Task details: Please write out every line of the material, leaving out any picture.

Information shown:
= Beginning of Section =

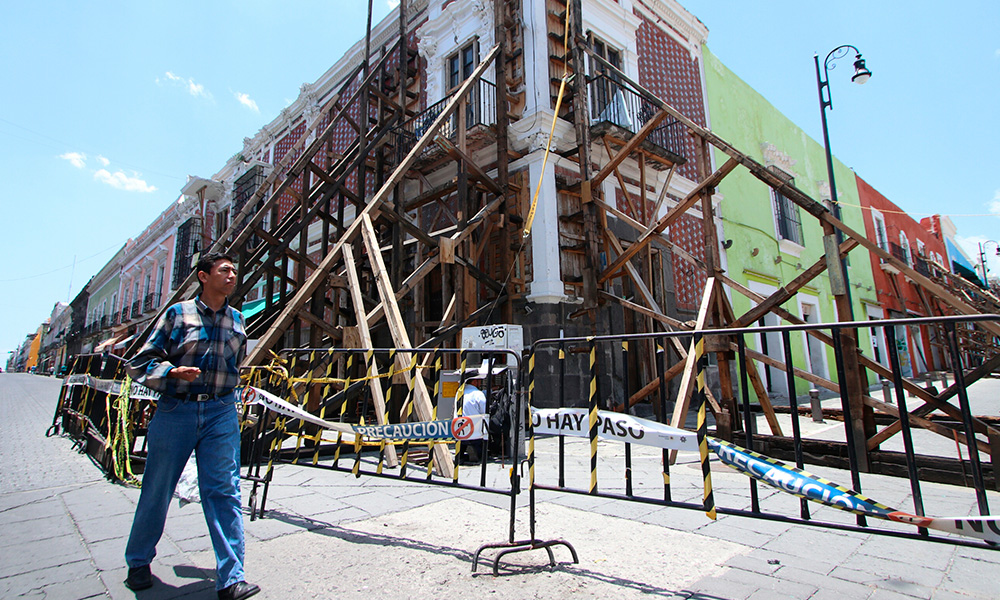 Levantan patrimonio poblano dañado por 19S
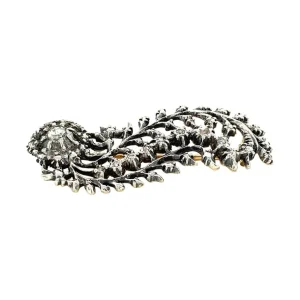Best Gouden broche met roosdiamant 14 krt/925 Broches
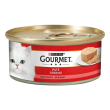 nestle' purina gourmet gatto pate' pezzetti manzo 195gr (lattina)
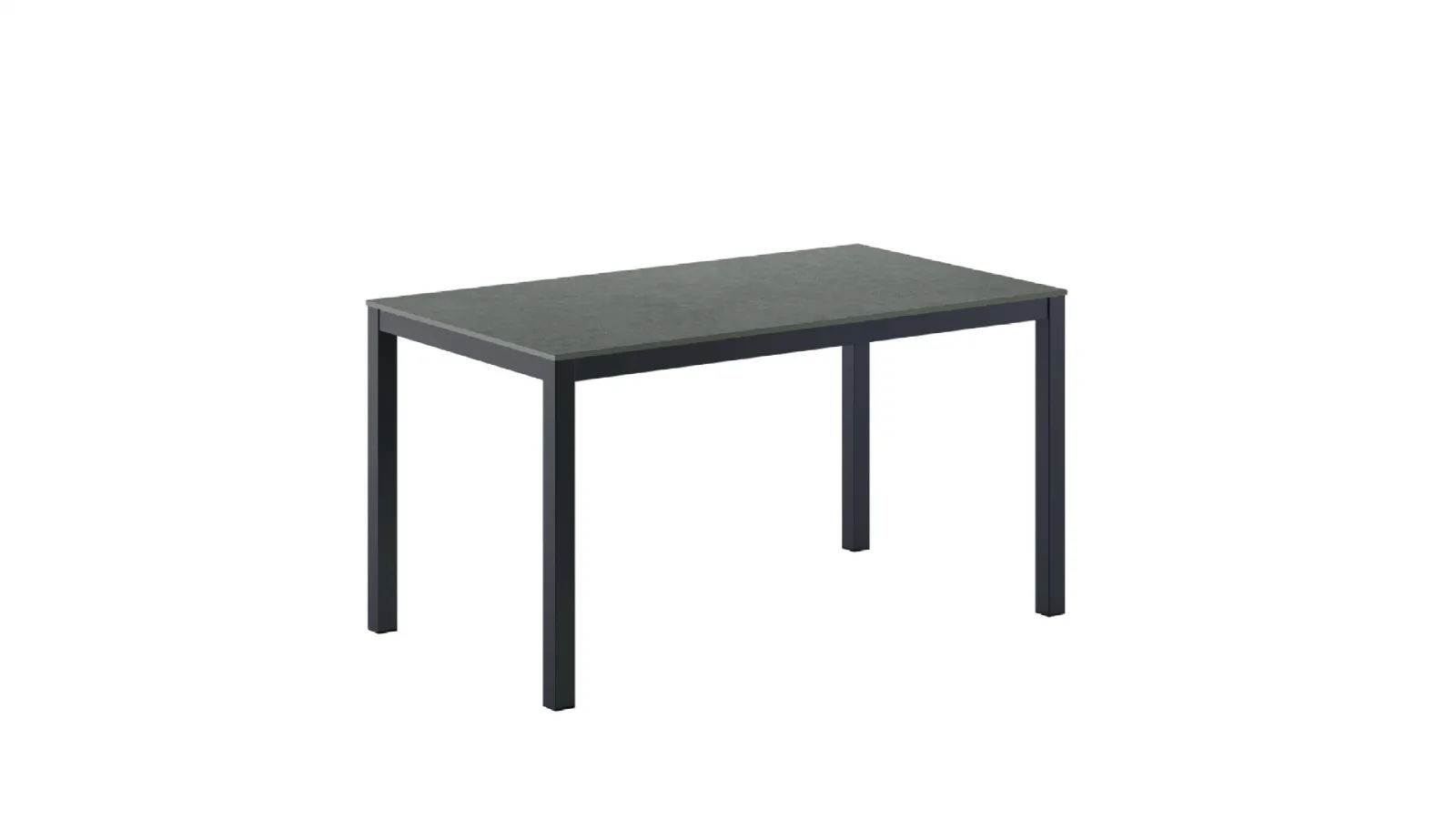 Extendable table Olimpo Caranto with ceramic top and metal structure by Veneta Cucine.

= End of Section =

Problem solution:
 Levantan patrimonio poblano dañado por 19S
Best Gouden broche met roosdiamant 14 krt/925 Broches
 nestle' purina gourmet gatto pate' pezzetti manzo 195gr (lattina)
 Extendable table Olimpo Caranto with ceramic top and metal structure by Veneta Cucine.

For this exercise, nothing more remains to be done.